See this Village Pump post that describes vast over-access to a specific Wikipedia article, namely Neatsville, Kentucky. This is skewing views data and rankings. This has been happening for many months and there seems to be no apparent reason. If there's any way to stop or throttle this access so views data integrity can be improved, that would be helpful. I recognize this may be seen as more an annoyance than a severe problem (i.e., there is no DDOS effect that I know of) but I think discouraging this kind of access would help us keep views data as trustworthy as practicable.
Description
Details
- Risk Rating
- Low
- Author Affiliation
- Wikimedia Communities
Related Objects
Event Timeline
I don't think this qualifies as a security issue? See https://www.mediawiki.org/wiki/Reporting_security_bugs#What_is_considered_a_security_issue
Well, it's not a bug and not a feature request. The instructions led me here as a security issue in the link you provide: "When the integrity of data hosted by the Wikimedia Foundation or affiliated entities is at risk of being corrupted, tampered with, or otherwise modified in an unauthorized manner."
Ah, thanks! I encourage Gehel or anyone else to update the description of https://phabricator.wikimedia.org/tag/pageviews-anomaly/ accordingly and potentially add an entry to https://www.mediawiki.org/wiki/Developers/Maintainers - thanks.
Note that Kepler's Supernova has been added to the Village pump discussion for also having received a huge number of views in recent times.
As long as this isn't affecting availability and has no private information on it, I don't see what the benefit is of keeping this task secret.
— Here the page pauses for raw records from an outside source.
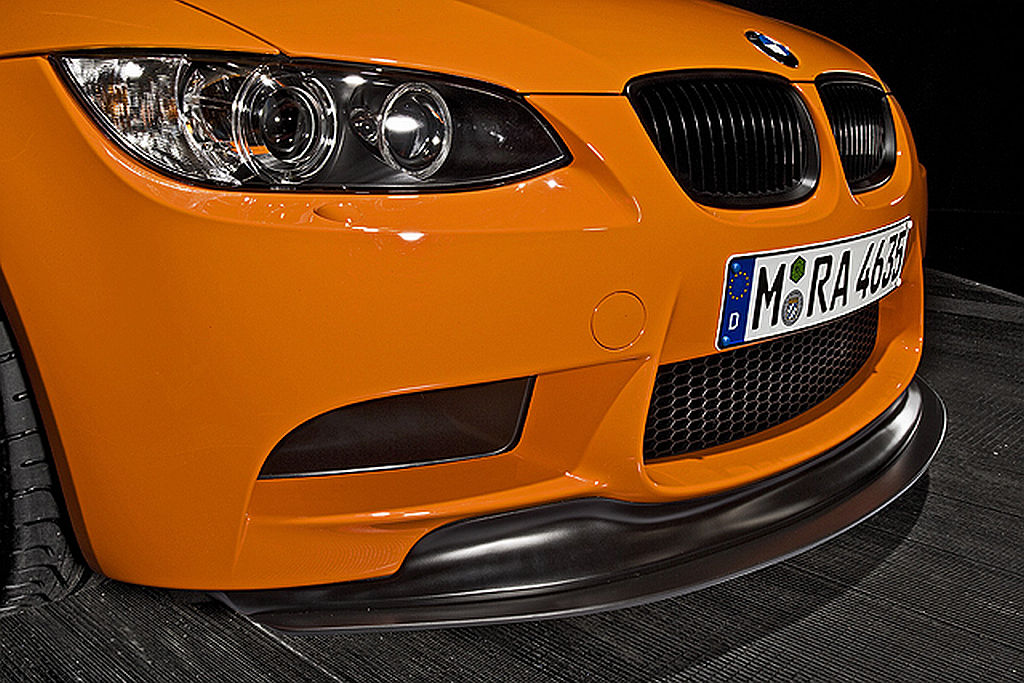 BMW M3 GTS | Zdjęcie #8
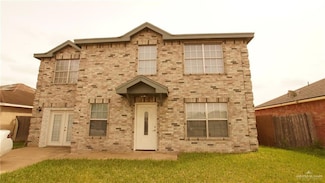 7603 W Pecan Plantation Cir, Pharr, TX 78577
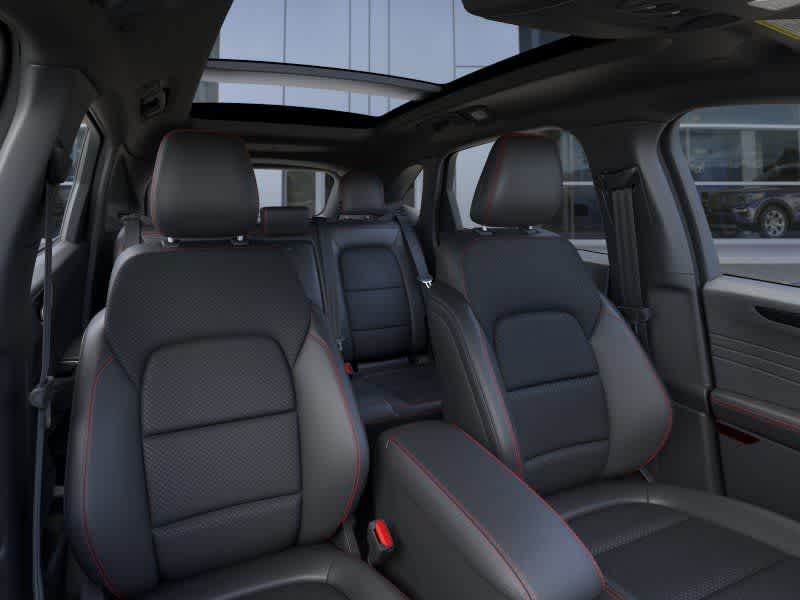 Thumbnail: 2026 Ford Escape - 10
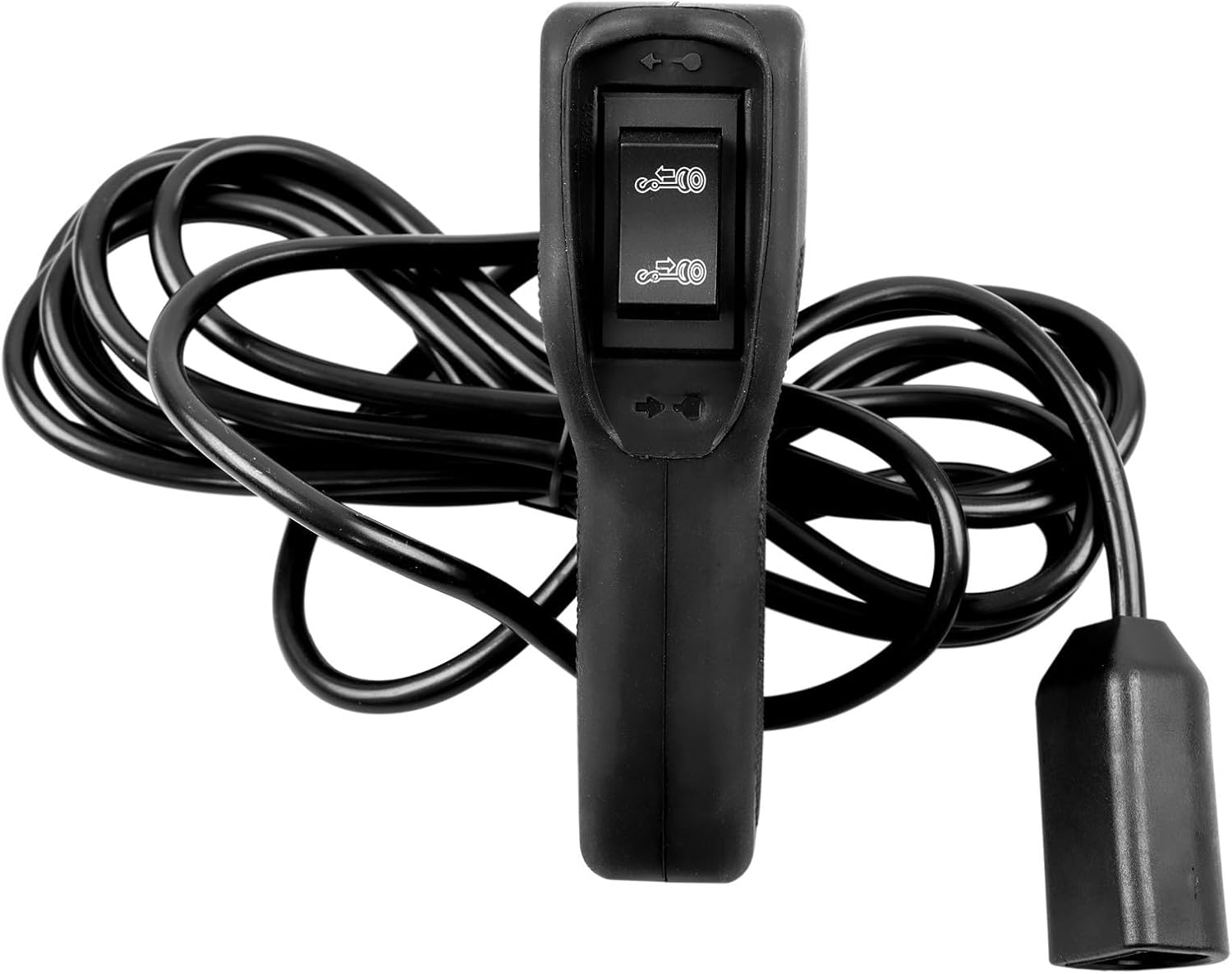 83665 Winch Remote Control Fits for Warn M8000 M10000 M12000 VR8000 VR12000 HS9500 XD9000,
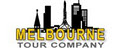 1 Melbourne Tour Company logo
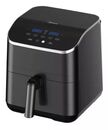 Freidora Sin Aceite Digital Midea Af-d155bar1 5,5 Lts 1700w - Miniatura 6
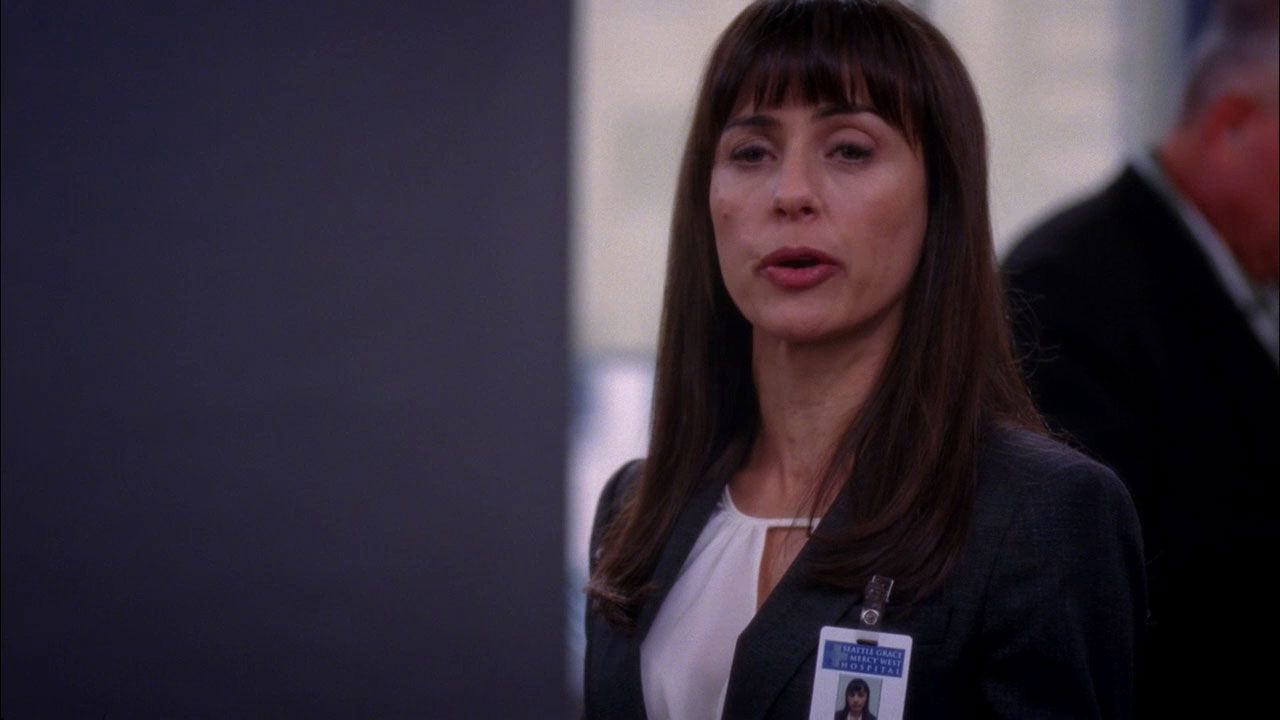 The Face of Change episode synopsis,reviews,forums,photos,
Fact is, we will probably never know why that article randomly gets a lot of hits. Probably someone just uses it in a test of some automated script.
Some editors responding in the Village Pump discussion have suggested this is only a problem with how we interpret views. I disagree with that position, but nevertheless, it might be a useful band-aid if the views from odd hits like this were treated as bots or put into a new category that either way would not cause issues in views reports. Might doing that belong in its own Phab task?
Btw, I'm fine with admins no longer considering this task security-related, if they genuinely believe it is not. I believe some other editors want to put in their two cents.
With all the back and forth and some misunderstandings, I decided to write a TL;DR summary of the Village Pump discussion:
A data integrity problem (but not currently a performance problem) is being caused by some entity running up hundreds of thousands of fake views per month of select articles, particularly "Neatsville, Kentucky", leading to corrupted presentations in reports based on this views data. Apparent solutions include more smartly identifying such views and recategorizing them (as they highly likely aren't views from real people) and figuring out what exactly is the origin or origins of this access and taking steps such as blocking to handle them.